The dossiers, which all parties have been mandated to provide under the rules enforced by the military government, included constitutions, manifestoes, certificates about intra-party elections and financial statements.
The commission has powers to refuse registration for failure to fulfil the requirements prescribed under the rules. Khan said the election commission (EC) had started the process to scrutinise the documents.
A clear picture about which parties will be eligible to contest the elections will emerge after the completion of the scrutiny. The election symbol seekers include Pakistan Muslim League, headed by Shahbaz Sharif, and Pakistan People's Party Parliamentarians (PPPP).
PML elected Shahbaz its president in place of former prime minister Nawaz Sharif to avoid disqualification from the elections while PPP formed the new PPPP group with Makhdoom Amin Fahim as its head for the same reason.
Both former prime ministers, Nawaz Sharif and Benazir Bhutto, who is PPP chief, have been hit by the electoral rules barring convicts and fugitives from law from contesting elections as well as holding any office in any political organisation.
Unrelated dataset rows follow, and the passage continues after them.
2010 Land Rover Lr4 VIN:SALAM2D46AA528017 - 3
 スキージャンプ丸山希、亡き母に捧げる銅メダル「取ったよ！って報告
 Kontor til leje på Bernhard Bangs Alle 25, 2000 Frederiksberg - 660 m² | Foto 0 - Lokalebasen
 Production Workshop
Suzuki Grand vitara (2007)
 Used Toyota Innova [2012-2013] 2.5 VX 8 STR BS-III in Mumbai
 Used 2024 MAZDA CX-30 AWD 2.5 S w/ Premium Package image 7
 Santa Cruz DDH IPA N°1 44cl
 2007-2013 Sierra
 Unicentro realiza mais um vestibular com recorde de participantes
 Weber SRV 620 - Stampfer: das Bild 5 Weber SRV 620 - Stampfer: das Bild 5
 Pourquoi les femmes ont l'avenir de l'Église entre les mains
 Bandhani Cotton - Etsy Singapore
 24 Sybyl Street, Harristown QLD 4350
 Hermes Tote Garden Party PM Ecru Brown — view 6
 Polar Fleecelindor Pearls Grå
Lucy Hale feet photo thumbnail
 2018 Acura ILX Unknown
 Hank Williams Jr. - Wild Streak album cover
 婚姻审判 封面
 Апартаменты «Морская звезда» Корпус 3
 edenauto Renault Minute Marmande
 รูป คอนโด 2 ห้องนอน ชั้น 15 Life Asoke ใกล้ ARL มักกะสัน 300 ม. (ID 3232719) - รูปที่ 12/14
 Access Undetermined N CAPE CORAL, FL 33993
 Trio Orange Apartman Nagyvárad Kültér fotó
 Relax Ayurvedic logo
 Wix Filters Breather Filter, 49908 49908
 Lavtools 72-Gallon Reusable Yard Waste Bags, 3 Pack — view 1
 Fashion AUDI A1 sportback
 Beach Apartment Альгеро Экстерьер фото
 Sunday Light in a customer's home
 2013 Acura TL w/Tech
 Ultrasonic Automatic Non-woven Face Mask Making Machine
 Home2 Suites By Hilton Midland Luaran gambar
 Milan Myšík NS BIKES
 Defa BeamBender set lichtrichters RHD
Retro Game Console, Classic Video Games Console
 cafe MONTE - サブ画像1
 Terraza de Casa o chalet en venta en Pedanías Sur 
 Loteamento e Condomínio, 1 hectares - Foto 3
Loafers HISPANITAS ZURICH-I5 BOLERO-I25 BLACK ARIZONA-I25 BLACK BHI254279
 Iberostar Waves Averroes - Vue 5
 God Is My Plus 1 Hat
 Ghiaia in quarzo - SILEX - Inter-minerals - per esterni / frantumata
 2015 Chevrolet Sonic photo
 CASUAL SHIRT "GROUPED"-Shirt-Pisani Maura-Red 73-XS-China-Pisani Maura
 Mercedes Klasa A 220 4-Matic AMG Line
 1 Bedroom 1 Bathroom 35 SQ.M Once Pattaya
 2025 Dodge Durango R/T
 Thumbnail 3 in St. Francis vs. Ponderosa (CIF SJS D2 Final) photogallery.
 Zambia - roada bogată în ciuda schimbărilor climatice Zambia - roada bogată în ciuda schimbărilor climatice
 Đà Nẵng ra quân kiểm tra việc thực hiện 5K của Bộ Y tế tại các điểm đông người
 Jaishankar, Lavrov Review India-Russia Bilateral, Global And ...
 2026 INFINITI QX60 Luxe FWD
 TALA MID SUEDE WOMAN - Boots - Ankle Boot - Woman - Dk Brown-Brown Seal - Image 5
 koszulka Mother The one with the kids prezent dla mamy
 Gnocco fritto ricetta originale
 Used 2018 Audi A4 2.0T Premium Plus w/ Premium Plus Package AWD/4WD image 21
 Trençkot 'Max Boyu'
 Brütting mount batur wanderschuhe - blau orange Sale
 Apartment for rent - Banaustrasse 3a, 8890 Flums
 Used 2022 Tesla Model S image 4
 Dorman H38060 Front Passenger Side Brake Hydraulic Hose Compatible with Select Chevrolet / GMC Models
The government has said it would not allow Shahbaz or any other member of the exiled Sharif family to return to Pakistan. It has also warned that Benazir would be arrested if she returned from self-exile and prosecuted in corruption cases pending against her.
The National Accountability Bureau said yesterday that 22 cases were pending against the Sharif family and Benazir and her spouse Asif Ali Zardari, who has been in jail since November 1996.
Twelve cases are against the Sharif family and 10 against Benazir and her husband. "There is no question of making any compromise with the Sharif family, Benazir or Zardari," a NAB spokesman told reporters.